WHAT IS REQUIRED — Only one span of the material below is wanted. Output it exactly, from the line with "4x ICW AUDIOPHILE" through the line with "Enamel Earring Chérie Gold/Pearl", without any pictures.

INPUT RECORDS —
▬▬▬▬▬▬
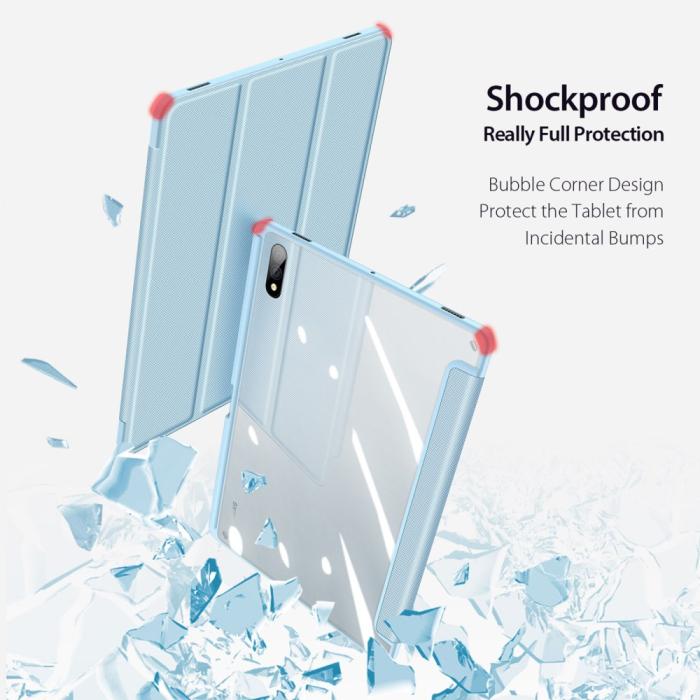 Bild 5, DUX DUCIS DUX DUCIS Galaxy Tab S9 Plus Fodral TOBY Tri-Fold Blå - Teknikhallen.se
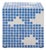 Hikari Cube Cloud Tile Accent Table in Light Blue / White For Sale
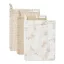 Little Dutch muszlin baba fürdőkesztyű 3 darabos szett Baby Bunny nyuszis, csíkos és beige mintával
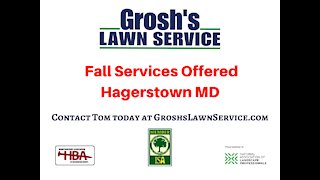 Landscaping Contractor Hancock MD Fall Services GroshsLawnService.com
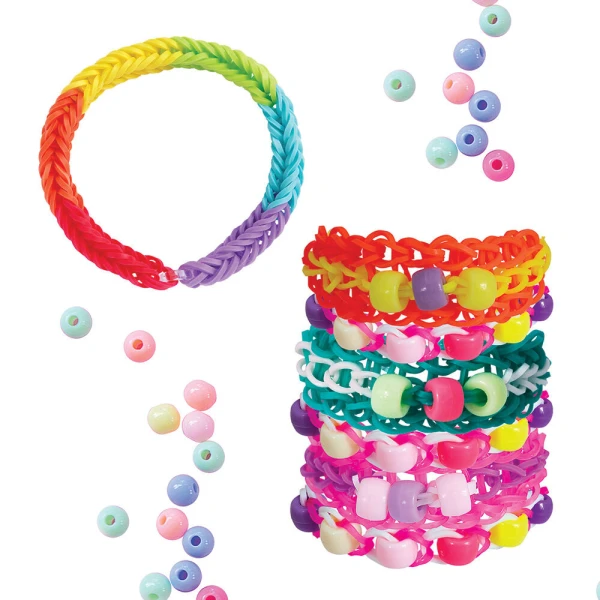 PLEXI-FLEXI CASE WITH 2400 LOOMS & 30 CHARMS - 2 COLOURS
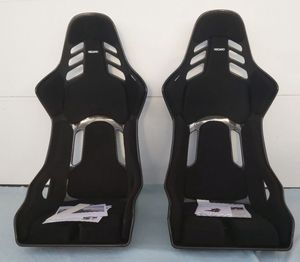 Asiento de Carreras RECARO con Estructura de Fibra de Carbono, Tipo Bucket, Color Negro, Par - Product Image 1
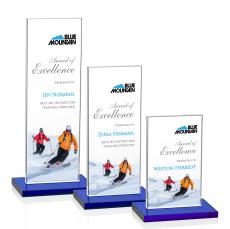 Riggs Full Color Blue Rectangle Crystal Trophy - Crystal Trophies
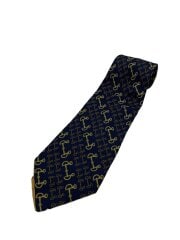 画像：ネクタイ/シルク/NVY/総柄/メンズ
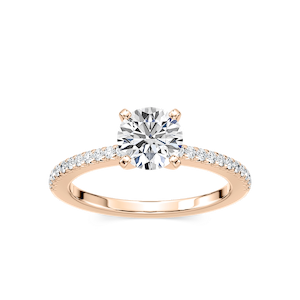 Hope Lab Grown Diamond Shared Prong Side Stone Engagement Ring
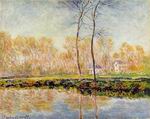 (image for) Handmade oil painting Copy paintings of famous artists The Banks of the River Epte at Giverny 1887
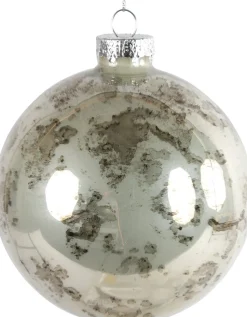 Countryfield Weihnachtskugel Rosalin silber D 10 cm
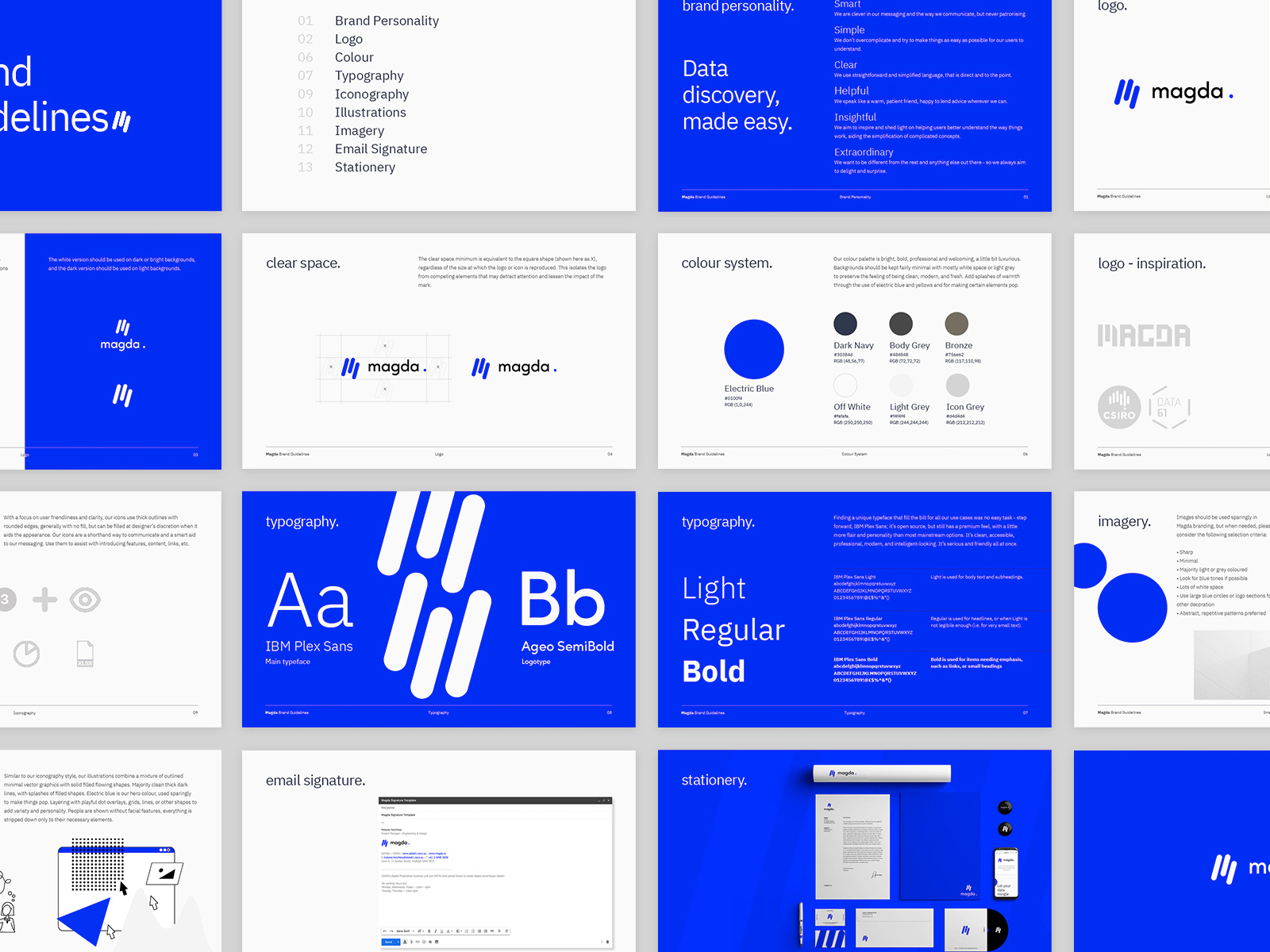 Magda Rebranding - Brand Identity Guidelines by Charlie on Dribbble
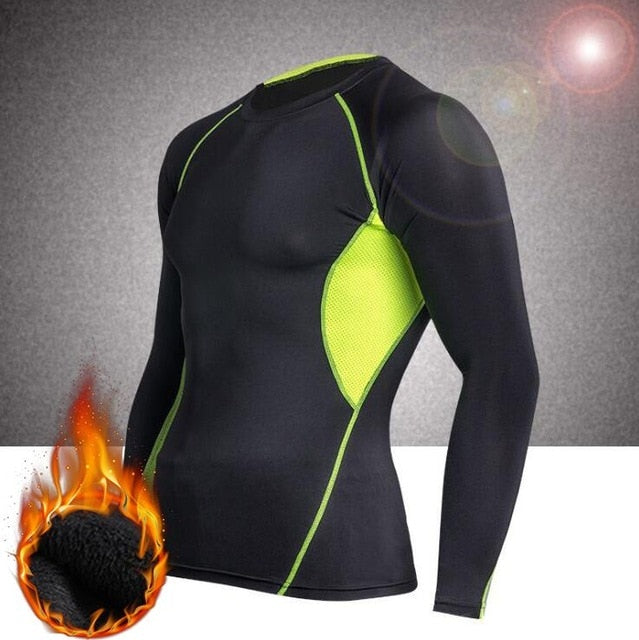 Aismz Winter Thermal Underwear Men Fleece Legging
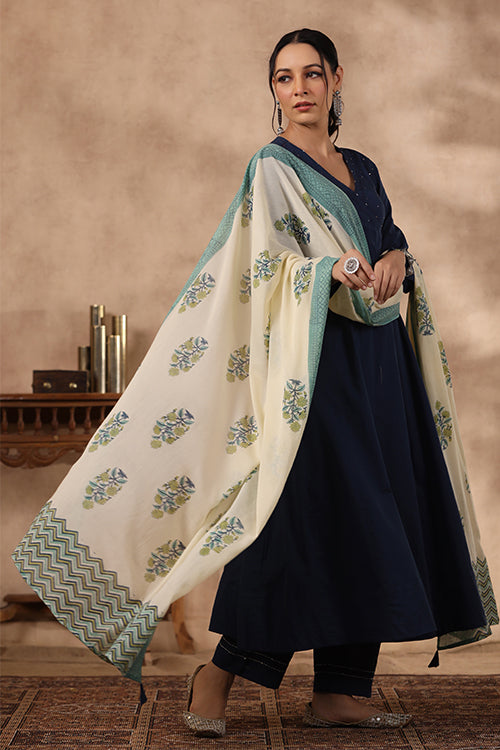 Shuddhi Blue Color 3 Piece Set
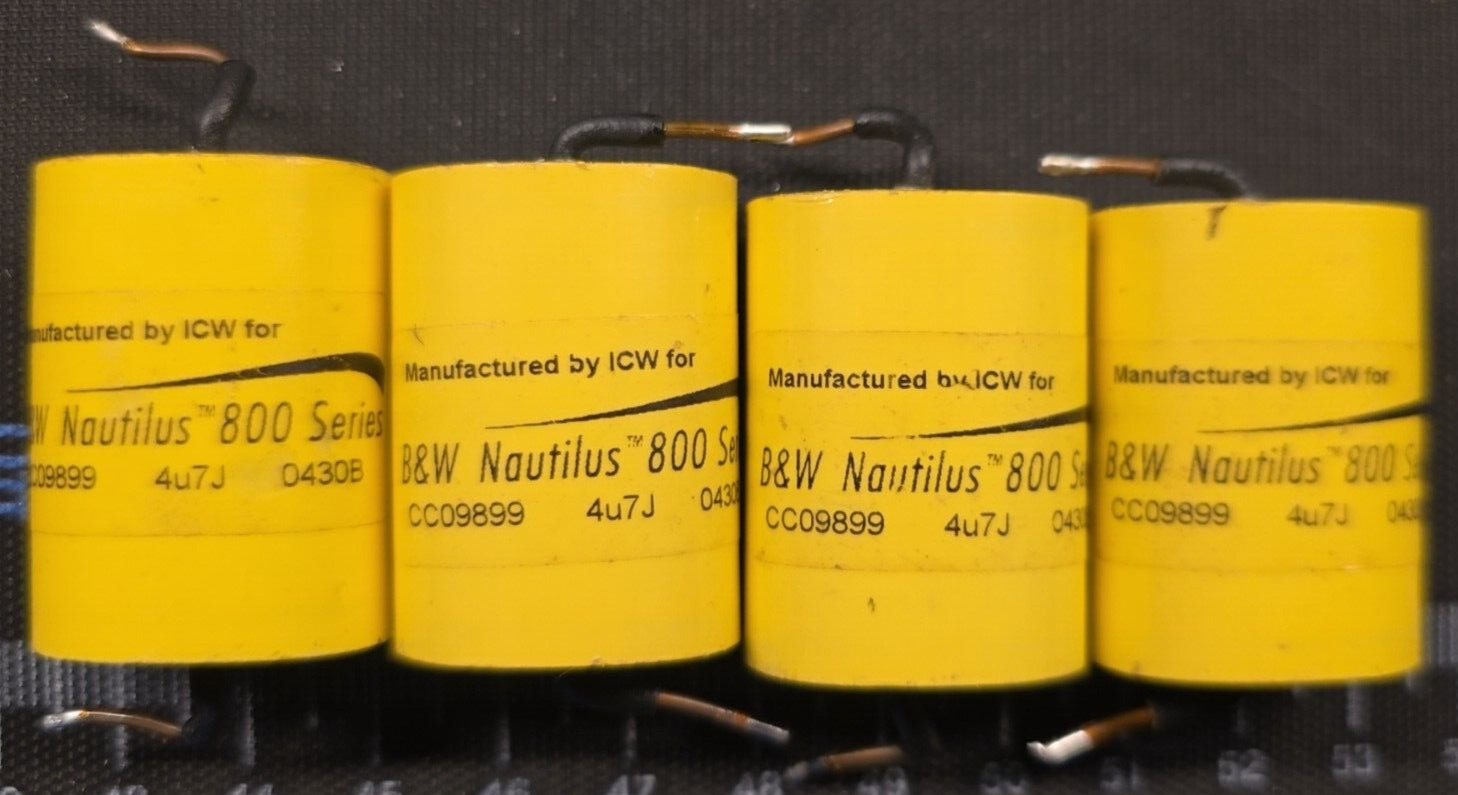 4x ICW AUDIOPHILE 4.7uF ± 2%, 350V Film Capacitor Crossover B&W Nautilus 800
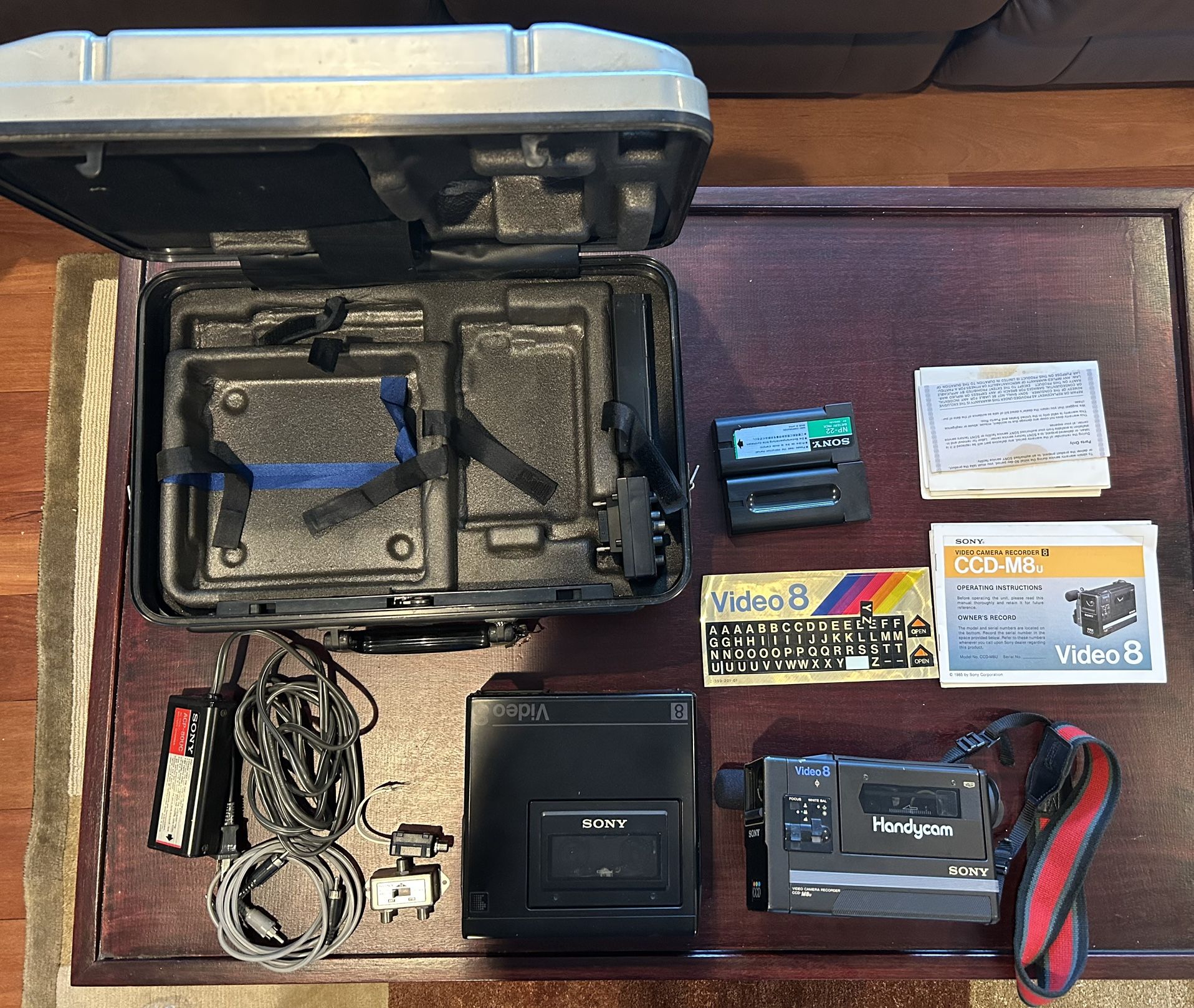 Vintage Sony Video8 Camera + Recorder Bundle (1985) β AS-IS β Local Pickup Preferred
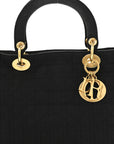 Nylon Cannage Large Lady D1OR Black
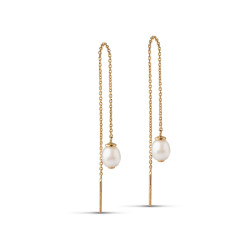 Enamel Earring Chérie Gold/Pearl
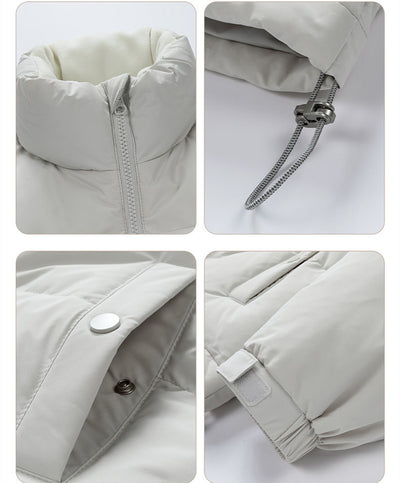 Chaqueta de Plumón de Pato Blanco para Hombre - Abrigo Grueso - Image 13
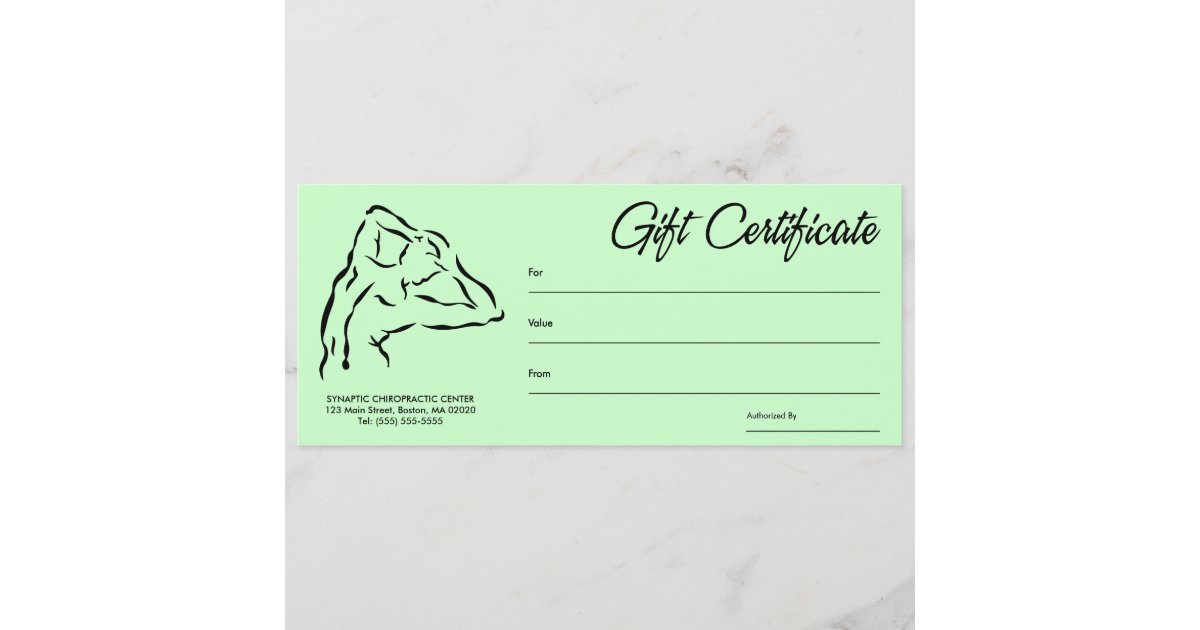 chiropractic-gift-certificates-zazzle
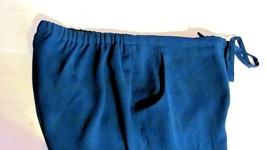 Ann Taylor LOFT Slim Tie Waist Pants Flowing Lightweight Pockets Black S... - £15.80 GBP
▬▬▬▬▬▬
YOUR RESPONSE —
 4x ICW AUDIOPHILE 4.7uF ± 2%, 350V Film Capacitor Crossover B&W Nautilus 800
 Vintage Sony Video8 Camera + Recorder Bundle (1985) β AS-IS β Local Pickup Preferred
 Nylon Cannage Large Lady D1OR Black
 Enamel Earring Chérie Gold/Pearl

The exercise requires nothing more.